SOUTH AUSTRALIA DISTRICT REGISTRY

 

GENERAL DIVISION

SAD 47 of 2009

 

BETWEEN:

BALGRA SHOPPING CENTRE MANAGEMENT PTY LTD IN ITS CAPACITY AS TRUSTEE OF THE BALGRA SHOPPING CENTRE MANAGEMENT TRUST

Applicant

 

AND:

COMMISSIONER OF TAXATION

Respondent

 

 

JUDGE:

MANSFIELD J

DATE OF ORDER:

29 OCTOBER 2010

WHERE MADE:

ADELAIDE

 

THE COURT ORDERS THAT:

 

1.                  The applicant pay to the respondent 75% costs of the respondent to be taxed.


Note:    Settlement and entry of orders is dealt with in Order 36 of the Federal Court Rules.
The text of entered orders can be located using Federal Law Search on the Court’s website.




IN THE FEDERAL COURT OF AUSTRALIA

 

SOUTH AUSTRALIA DISTRICT REGISTRY

 

GENERAL DIVISION

SAD 47 of 2009

 

BETWEEN:

BALGRA SHOPPING CENTRE MANAGEMENT PTY LTD IN ITS CAPACITY AS TRUSTEE OF THE BALGRA SHOPPING CENTRE MANAGEMENT TRUST

Applicant

 

AND:

COMMISSIONER OF TAXATION

Respondent

 

 

JUDGE:

MANSFIELD J

DATE:

29 OCTOBER 2010

PLACE:

ADELAIDE


REASONS FOR JUDGMENT

1                     This action was resolved by agreement between the parties shortly before the hearing, by orders made on 4 August 2010. At the same time, factually related proceedings in matter SAD 46 of 2009 in which Balgra Pty Ltd (Balgra) as trustee of the Con Makris Family Trust (Makris Family Trust) also brought proceedings against the Commissioner of Taxation.  The two actions were to be heard together, and evidence in one to be evidence also in the other.  They involved appeals from decisions of the Commissioner of Taxation, disallowing objections to three assessments.

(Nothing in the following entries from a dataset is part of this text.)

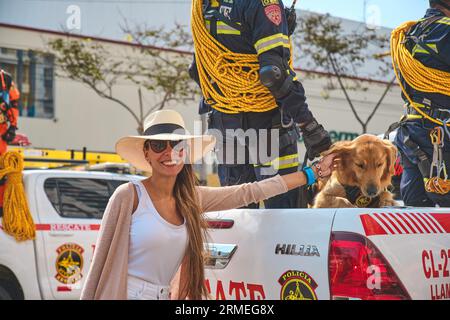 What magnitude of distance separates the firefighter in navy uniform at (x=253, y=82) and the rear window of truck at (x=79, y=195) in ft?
10.4

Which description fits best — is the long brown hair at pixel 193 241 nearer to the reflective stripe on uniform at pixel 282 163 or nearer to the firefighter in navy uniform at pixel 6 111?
the reflective stripe on uniform at pixel 282 163

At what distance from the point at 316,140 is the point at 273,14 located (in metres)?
0.82

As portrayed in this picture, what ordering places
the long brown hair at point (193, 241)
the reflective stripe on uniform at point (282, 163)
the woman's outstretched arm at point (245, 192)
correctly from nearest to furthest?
the long brown hair at point (193, 241) < the woman's outstretched arm at point (245, 192) < the reflective stripe on uniform at point (282, 163)

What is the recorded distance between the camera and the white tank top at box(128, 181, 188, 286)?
120 inches

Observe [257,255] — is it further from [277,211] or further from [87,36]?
[87,36]

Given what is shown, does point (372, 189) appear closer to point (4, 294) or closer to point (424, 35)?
point (424, 35)

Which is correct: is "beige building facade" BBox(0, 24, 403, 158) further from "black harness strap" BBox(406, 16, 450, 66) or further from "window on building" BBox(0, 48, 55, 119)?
"black harness strap" BBox(406, 16, 450, 66)

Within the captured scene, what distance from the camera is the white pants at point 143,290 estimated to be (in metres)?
3.03

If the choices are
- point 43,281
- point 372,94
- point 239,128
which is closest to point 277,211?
point 239,128

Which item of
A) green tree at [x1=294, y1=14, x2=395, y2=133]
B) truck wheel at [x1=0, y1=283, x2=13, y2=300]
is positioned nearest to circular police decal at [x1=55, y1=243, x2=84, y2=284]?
truck wheel at [x1=0, y1=283, x2=13, y2=300]

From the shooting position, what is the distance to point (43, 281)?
6.97m

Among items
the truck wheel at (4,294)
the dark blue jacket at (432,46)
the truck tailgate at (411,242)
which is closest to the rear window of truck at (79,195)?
the truck wheel at (4,294)

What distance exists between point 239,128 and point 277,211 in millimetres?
1282

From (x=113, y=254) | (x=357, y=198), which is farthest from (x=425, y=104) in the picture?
(x=113, y=254)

2                     Although the parties agreed on final orders as to the outcome of the issues, they did not agree on appropriate costs orders.  They have made written submissions on that topic.

The Nature of the Proceedings

3                     As noted, Balgra is trustee of the Makris Family Trust.  Balgra Shopping Centre Management Pty Ltd (BSCM) is the trustee of the Balgra Shopping Centre Management Trust (the Balgra Trust).  The Balgra Trust is a unit trust.  All the units in the Balgra Trust are held by Balgra as trustee for the Makris Family Trust.

4                     The complex interests include the Oakden Trust, North Adelaide Le Village Royale No 1 Trust (Royale 1 Trust), North Adelaide Le Village Royale No 2 Trust (Royale 2 Trust) and the Makris Trust.  Each of the Oakden Trust, Royale 1 Trust and Royale 2 Trust are beneficiaries of the Makris Trust, and the Oakden Trust and the Balgra Trust are each beneficiaries of the Makris Family Trust.  Shopping Centre Management Pty Ltd (SCM) is trustee of the Makris Trust.

5                     The principal issues in the two proceedings flow from deductions totalling $3,064,106 claimed by or on behalf of the Makris Trust in the financial years ended 30 June 1999, 2000, 2001, 2002 and 2003.  It is not necessary to discuss the correctness of those claims.  They arise following the acquisition of a yacht, the Lady Carol.  These concern the expenses incurred in relation to the Lady Carol during those years.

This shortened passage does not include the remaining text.